E não há razão para mudar de Governo também porque, depois de Junho, os cidadãos olham à sua volta e têm mais dificuldades em procurar uma alternativa. O CDS fez prova de vida, mas ficou-se pelo suficiente menos. O PSD afundou-se numa gestão política ansiosa e despropositada. Uma falha sinistra de Passos Coelho (quando anunciou suicídios em Pedrógão) e o haraquíri político do seu novel líder parlamentar (quando deu ao Governo um ultimato de 24 horas para a revelação da lista das vítimas) acentuaram a imagem do partido como uma agremiação de snipers emboscados, à espera da distracção dos seus alvos. Com a actual liderança, só se tornará credível se houver uma crise económica. É por isso que, apesar do dolce fare niente do Governo em matérias estruturais (até a sua mais emblemática reforma, a descentralização, foi posta em banho-maria), apesar de andar de mão dada com partidos que defendem a tirania de Nicolás Maduro ou que se entretêm a decretar com força de lei a felicidade a abolição das injustiças, António Costa ganhou por falta de comparência da oposição.

Pode ser que o recrudescimento dos conflitos laborais que se anunciam aumentem a pressão sobre o Governo, pode ser que as negociações sobre o Orçamento de 2018 façam estalar o verniz no seio da coligação informal, talvez o Bloco e o PCP se cansem de ser muletas de um executivo que persiste na obsessão do défice aplicando ao Estado fortes doses de austeridade.
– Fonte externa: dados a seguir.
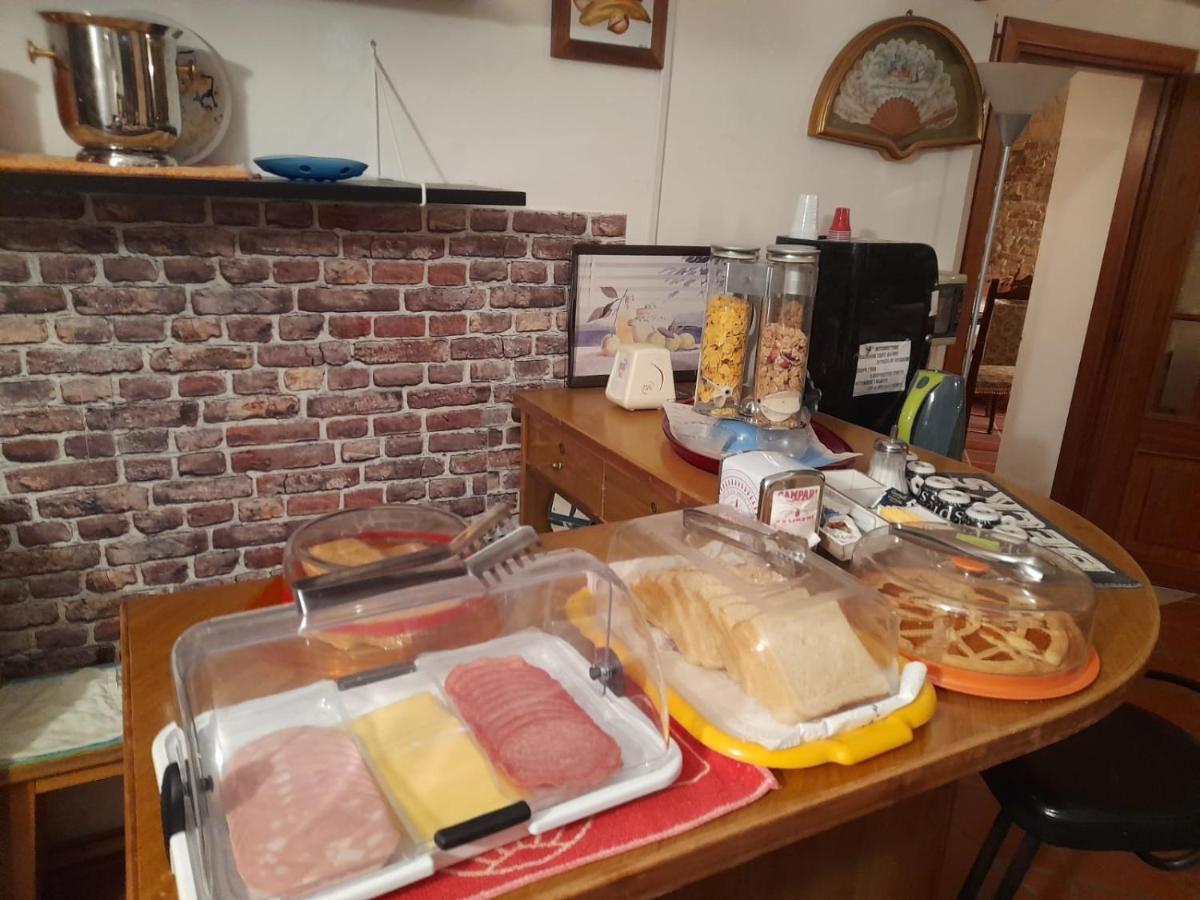 La colazione di B&B GIARDINO AGRITOURIST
Ainda assim, António Costa e os seus pares têm fôlego suficiente para sublimar os danos de Pedrógão e de Tancos e manter a sua governação em lume-brando até ao final do mandato. Afinal, eles são os mais fiéis intérpretes de um desejo profundo dos portugueses, que querem tudo menos sobressaltos em nome do futuro.
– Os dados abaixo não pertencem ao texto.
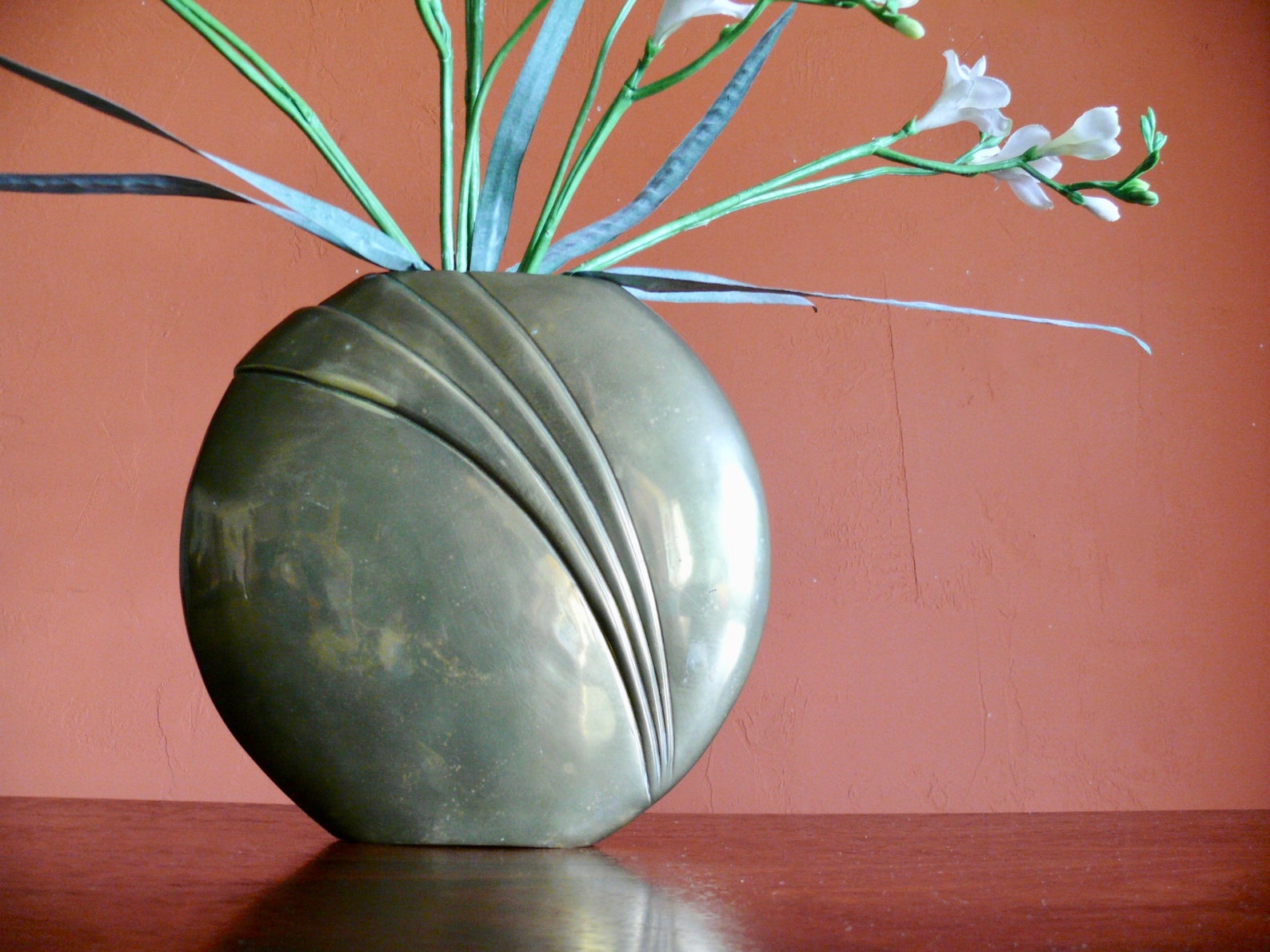 Large Round Brass 80s Disk Vase by Dolbi Cashier Art Deco Etsy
Com a economia a crescer quase 3%, haverá ainda mais uns trocos para distribuir pela função pública, paciência para aguentar as reclamações dos serviços públicos esmagados pelas restrições financeiras e o desejo de reclamar os louros da responsabilidade fiscal. Saber durar, o princípio com que o historiador Fernando Rosas explicou a longevidade do Estado Novo, tem por estes dias o seu certificado de eficiência num regime democrático. Com Marcelo a dizer ao DN que não é “defensor da excelência do chamado Bloco Central”, o PS pode crescer e consolidar a sua hegemonia à esquerda e o PSD ficará condenado à dura tarefa de reerguer uma maioria de direita que ninguém consegue vislumbrar a médio prazo. Pedrógão e Tancos foram maus para António Costa? Foram, mas nada que um governo mansinho, uma esquerda à esquerda apaziguada, a economia a crescer e uma boa vitória nas autárquicas não consigam resolver.